**Your task**
Without any of the pictures, transcribe all the lines below exactly.

**Collected material**
== Segment start ==

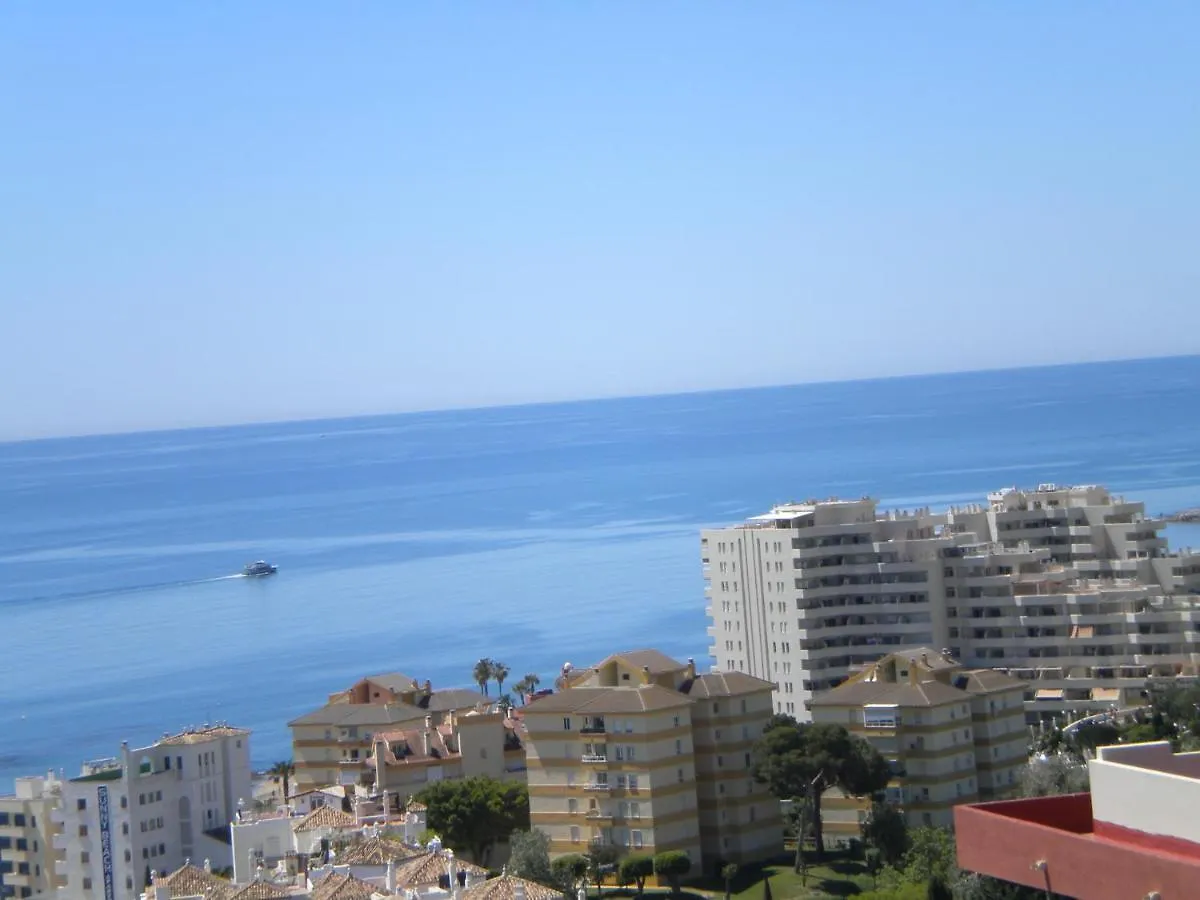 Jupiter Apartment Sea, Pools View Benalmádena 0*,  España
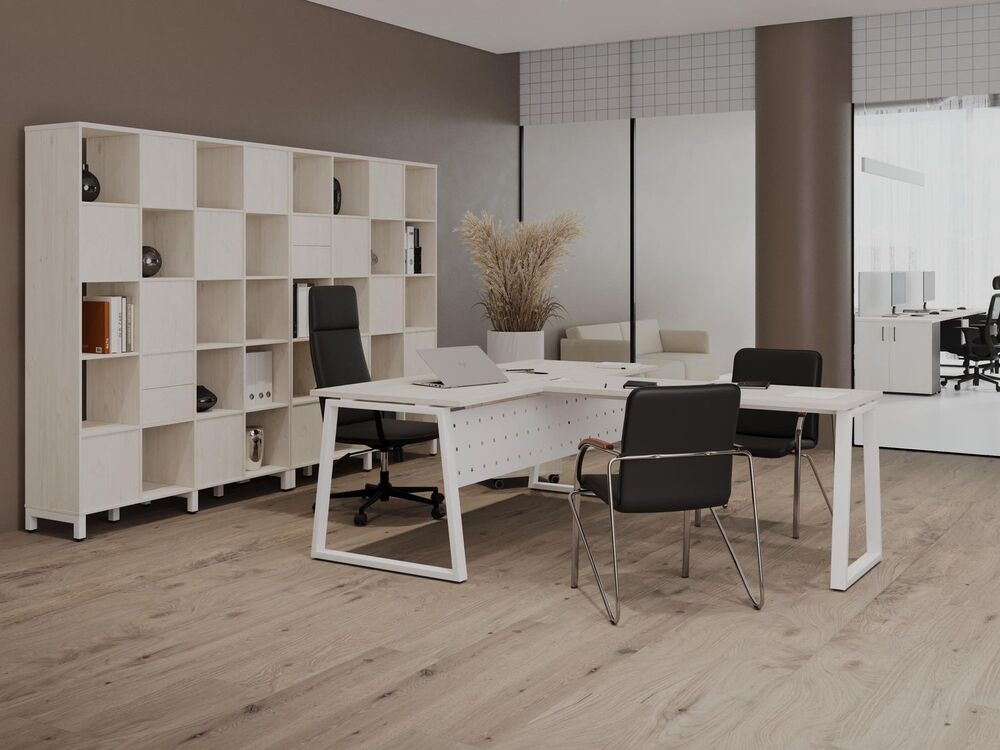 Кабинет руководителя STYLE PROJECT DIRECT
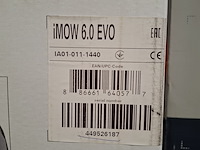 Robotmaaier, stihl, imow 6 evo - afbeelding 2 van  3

== Segment end ==

**Completed task**
 Jupiter Apartment Sea, Pools View Benalmádena 0*,  España
 Кабинет руководителя STYLE PROJECT DIRECT
 Robotmaaier, stihl, imow 6 evo - afbeelding 2 van  3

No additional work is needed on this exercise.